BAKU, Azerbaijan President Vladimir Putin said Tuesday that Moscows military presence in the Caucasus was vital to regional stability and offered to mediate between Azerbaijan and Armenia over disputed Nagorno-Karabakh.

Putin pledged to be a guarantor of any agreement between the nations over the ethnic Armenian region in Azerbaijan and signed documents outlining future cooperation between Moscow and Baku in finance, politics and the use of the Caspian Sea.

"The situation in the world is such that Russias military presence in the Caucasus is still necessary," Putin told a joint news conference after more than two hours of talks with Azeri leader Heidar Aliyev.

The two presidents signed the Baku Declaration, described as a pact designed to guide their countries relations in the future, as well as seven other economic and political documents.

"This document guides us to a new level of cooperation. We should make the level of our strategic partnership higher," Aliyev said of the declaration.

The two leaders also signed a document aimed at the eventual drawing of economic borders in the oil-rich Caspian Sea, which is still not demarcated 10 years after the collapse of the Soviet Union.

One of Putins main foreign policy drives has been to reinforce ties with Russias neighbors and cement Moscows influence in the Commonwealth of Independent States.

Moscow-Baku relations are generally good but have been tinged with Azeri suspicion that Russia favors Armenia in a long-running and bitter struggle over Nagorno-Karabakh.

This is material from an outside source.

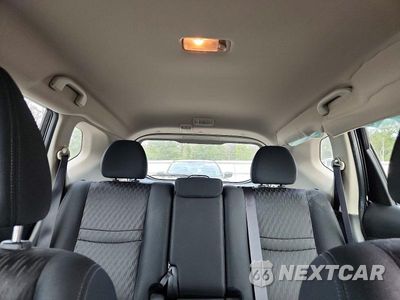 Zdjęcie 10 z 13 samochodu: 2018 NISSAN ROGUE S VIN:KNMAT2MV9JP536497 - miniatura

Some 35,000 people have died in a conflict that erupted after the regions mainly Armenian population tried to secede from Azeri rule in 1988. A 1994 cease-fire ended the fighting, but talks have not yet produced a peace pact.

"Russia will promote its efforts as a mediator and is ready to be a guarantor of agreements on this issue," Putin said. "We should strive for a stable situation in the Caucasus."

The Azeris have often viewed Moscows involvement in the conflict with suspicion and Aliyev has criticized Russia for supplying Armenia with millions of dollars worth of arms.

Putin rejected these allegations and said the transfer of Russian arms to its military bases in Armenia was under a Russian-Georgian agreement on the withdrawal of Kremlin troops from Georgia.